# [Stored data entries]
+---+
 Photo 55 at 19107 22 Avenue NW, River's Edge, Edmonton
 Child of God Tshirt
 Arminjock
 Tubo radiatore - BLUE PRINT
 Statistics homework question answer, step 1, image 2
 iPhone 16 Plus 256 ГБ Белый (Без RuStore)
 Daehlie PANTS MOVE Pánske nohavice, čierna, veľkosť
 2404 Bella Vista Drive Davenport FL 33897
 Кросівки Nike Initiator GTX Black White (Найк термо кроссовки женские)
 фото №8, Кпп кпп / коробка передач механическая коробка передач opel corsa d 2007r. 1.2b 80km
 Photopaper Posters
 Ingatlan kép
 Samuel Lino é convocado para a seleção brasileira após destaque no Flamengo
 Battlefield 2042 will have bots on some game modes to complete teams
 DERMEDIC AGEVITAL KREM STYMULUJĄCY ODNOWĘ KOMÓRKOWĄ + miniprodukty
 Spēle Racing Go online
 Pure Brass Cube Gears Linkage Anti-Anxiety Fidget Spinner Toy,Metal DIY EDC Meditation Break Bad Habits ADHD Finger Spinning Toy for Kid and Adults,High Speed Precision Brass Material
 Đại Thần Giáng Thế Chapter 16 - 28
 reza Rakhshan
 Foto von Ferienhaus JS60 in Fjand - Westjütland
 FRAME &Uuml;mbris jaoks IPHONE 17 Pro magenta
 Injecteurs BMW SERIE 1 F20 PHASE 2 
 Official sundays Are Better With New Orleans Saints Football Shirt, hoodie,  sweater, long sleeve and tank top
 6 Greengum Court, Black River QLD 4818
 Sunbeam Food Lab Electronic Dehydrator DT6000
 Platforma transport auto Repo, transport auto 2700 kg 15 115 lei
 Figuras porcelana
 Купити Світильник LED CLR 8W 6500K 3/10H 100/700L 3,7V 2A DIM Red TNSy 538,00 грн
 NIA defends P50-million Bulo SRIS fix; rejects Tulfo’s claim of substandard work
+---+
# [EXERCISE]
Copy every line in the records above that contains the word "River".

# [TASK RESULT]
 Photo 55 at 19107 22 Avenue NW, River's Edge, Edmonton
 6 Greengum Court, Black River QLD 4818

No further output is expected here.